## TASK
In the entries below, find the line containing "Porträtt av ung", then copy it and every later line exactly, ending with the last line.

## GIVEN RECORDS
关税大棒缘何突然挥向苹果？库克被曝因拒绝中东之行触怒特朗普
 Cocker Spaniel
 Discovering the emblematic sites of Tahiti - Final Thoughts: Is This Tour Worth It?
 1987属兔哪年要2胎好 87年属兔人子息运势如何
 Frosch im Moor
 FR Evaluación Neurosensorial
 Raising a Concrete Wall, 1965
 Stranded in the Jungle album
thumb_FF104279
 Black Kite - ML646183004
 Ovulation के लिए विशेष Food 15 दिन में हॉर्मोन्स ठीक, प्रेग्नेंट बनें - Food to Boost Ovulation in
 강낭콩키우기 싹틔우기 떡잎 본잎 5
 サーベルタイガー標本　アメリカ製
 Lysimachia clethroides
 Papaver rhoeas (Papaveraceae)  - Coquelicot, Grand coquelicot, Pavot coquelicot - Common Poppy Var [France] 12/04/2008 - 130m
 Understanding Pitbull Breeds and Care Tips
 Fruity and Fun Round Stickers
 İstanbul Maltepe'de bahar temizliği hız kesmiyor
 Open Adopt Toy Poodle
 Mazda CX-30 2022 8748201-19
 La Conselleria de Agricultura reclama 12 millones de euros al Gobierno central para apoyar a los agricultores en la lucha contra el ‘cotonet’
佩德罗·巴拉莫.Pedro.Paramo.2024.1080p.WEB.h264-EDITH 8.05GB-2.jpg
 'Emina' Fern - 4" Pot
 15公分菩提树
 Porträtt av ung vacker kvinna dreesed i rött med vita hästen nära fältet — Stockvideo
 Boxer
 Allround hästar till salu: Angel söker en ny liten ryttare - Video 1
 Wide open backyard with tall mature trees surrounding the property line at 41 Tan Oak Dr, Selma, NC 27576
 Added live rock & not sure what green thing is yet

## THE COMPLETED TASK
 Porträtt av ung vacker kvinna dreesed i rött med vita hästen nära fältet — Stockvideo
 Boxer
 Allround hästar till salu: Angel söker en ny liten ryttare - Video 1
 Wide open backyard with tall mature trees surrounding the property line at 41 Tan Oak Dr, Selma, NC 27576
 Added live rock & not sure what green thing is yet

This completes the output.